Al centro del progetto c’è il polibutilene succinato, noto come PBS. Si tratta di un materiale già apprezzato per la sua resistenza e per proprietà meccaniche simili a quelle delle plastiche tradizionali derivate dal petrolio. La vera sfida, però, è renderlo interamente bio-based, eliminando ogni dipendenza da fonti fossili. I ricercatori sottolineano come i processi attuali, pur promettenti, siano ancora troppo costosi o poco efficienti per una diffusione industriale su larga scala. Per questo motivo il team sta sperimentando un approccio diverso. Una strategia che unisce biotecnologia, chimica dei materiali e strumenti digitali avanzati. L’obiettivo? Ottenere una plastica sostenibile non solo dal punto di vista ambientale, ma anche economico.

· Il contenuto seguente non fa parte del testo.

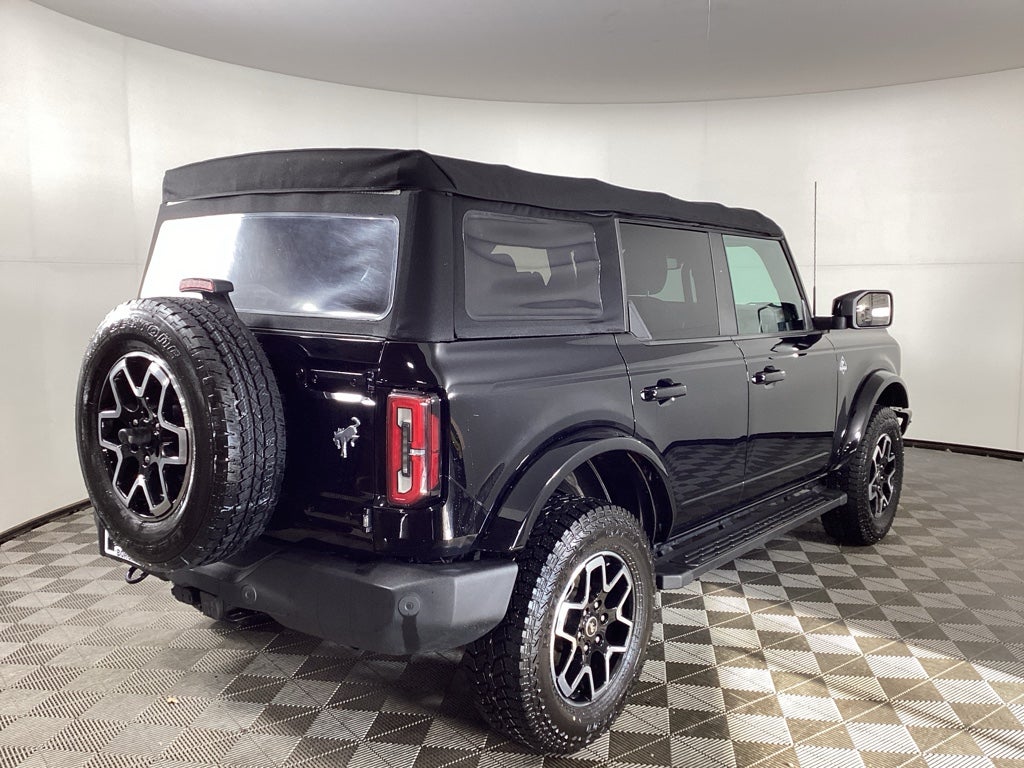 2021 Ford Bronco Outer Banks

Petrolio, bioplastiche e industria: dal laboratorio alle applicazioni reali
Il lavoro dei ricercatori tedeschi si sviluppa su più livelli. Una delle fasi chiave riguarda la fermentazione, durante la quale microrganismi selezionati trasformano un substrato biologico composto da rifiuti verdi in composti utili alla sintesi dei biopolimeri. Vengono testati diversi processi, come la fermentazione Acetone-Butanol-Etanolo e quella per la produzione di acido succinico, confrontandone resa, stabilità e consumo energetico. In contemporanea, grande attenzione è rivolta al downstreaming, ovvero alla purificazione dei prodotti ottenuti. In questa fase entra in gioco anche il machine learning. Tecnica utilizzata per simulare situazioni, ottimizzare i flussi di materia ed energia e ridurre gli sprechi. Un passaggio cruciale consiste nella conversione dell’n-butanolo in 1,4-butanediolo. Un composto essenziale per la produzione di plastiche, che deve essere ottenuto con processi sostenibili e replicabili su scala industriale.
Un ulteriore elemento innovativo è lo sviluppo di una nuova sostanza chimica capace di eliminare le impurità residue e rendere possibile la produzione del primo PBS completamente biodegradabile. La struttura di base di questo composto è già stata definita e tutelata con una domanda di brevetto. Il progetto guarda anche all’economia circolare. Infatti i residui della produzione potrebbero essere riutilizzati per generare elettricità e calore, alimentando le stesse strutture di ricerca.
Nella fase finale, l’attenzione si sposterà sulle applicazioni pratiche, con la realizzazione di prototipi destinati al packaging e al settore medico. Se i risultati saranno confermati, questa tecnologia potrebbe rappresentare un passo fondamentale verso una plastica del futuro finalmente libera dal petrolio, capace di ridurre l’impatto ambientale senza rinunciare alle prestazioni richieste dall’industria.